** Opening Entries supplied block **

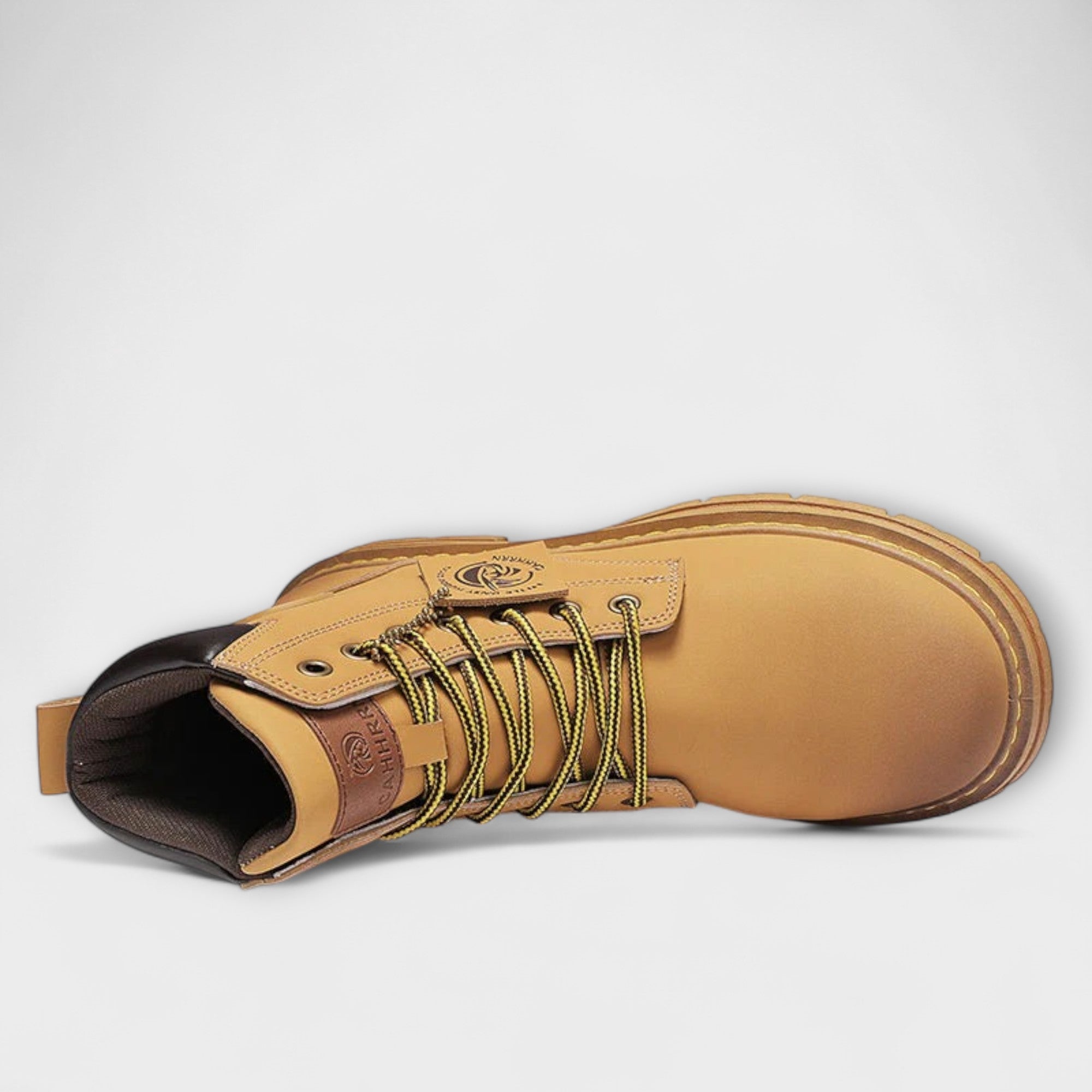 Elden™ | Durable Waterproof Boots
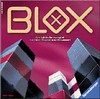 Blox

** Closing Entries supplied block **
** Opening Entries supplied block **

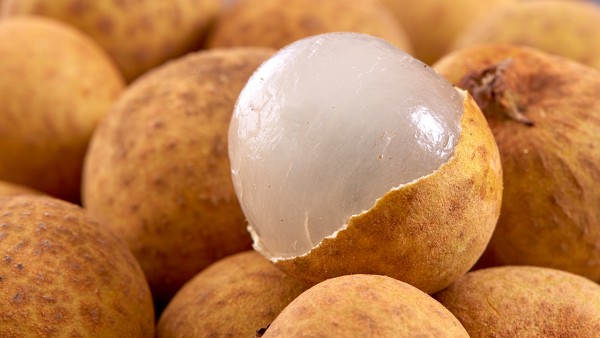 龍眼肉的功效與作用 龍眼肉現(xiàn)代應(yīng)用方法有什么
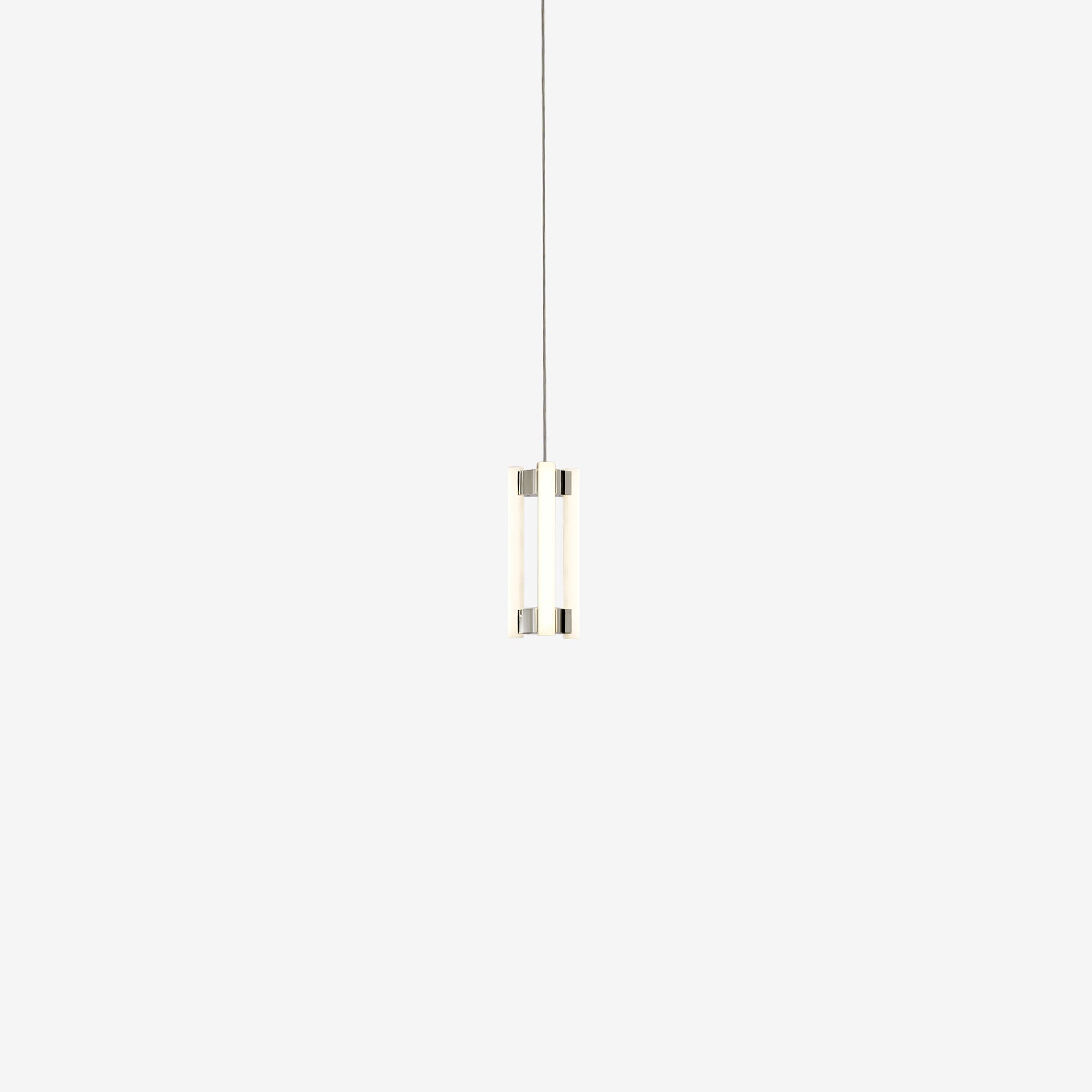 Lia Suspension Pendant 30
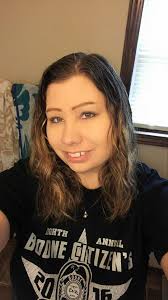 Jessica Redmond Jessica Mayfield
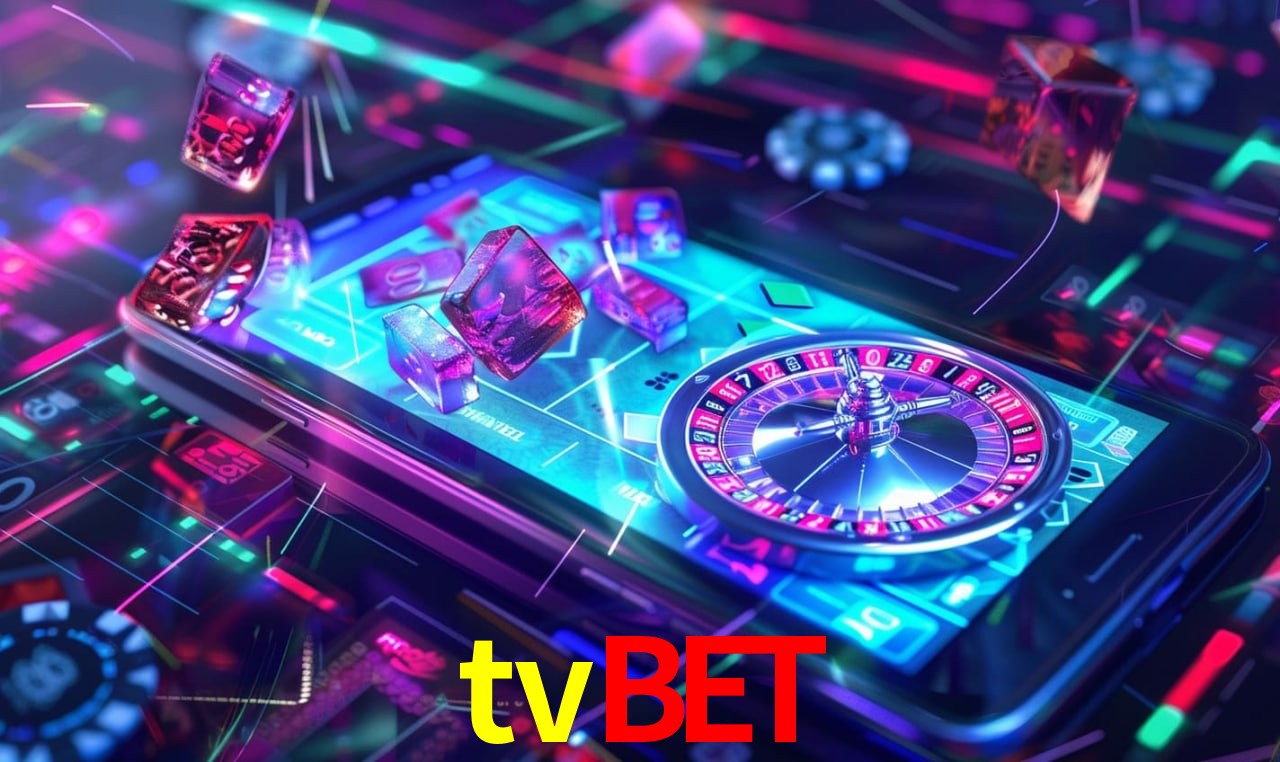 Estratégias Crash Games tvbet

** Closing Entries supplied block **

■ **Your task**
For this exercise, please set down exactly the lines of the listing above from the line with "Jessica Redmond Jessica Mayfield" up to and including the line with "Estratégias Crash Games tvbet", and no pictures.

■ **Exercise response**
 Jessica Redmond Jessica Mayfield
 Estratégias Crash Games tvbet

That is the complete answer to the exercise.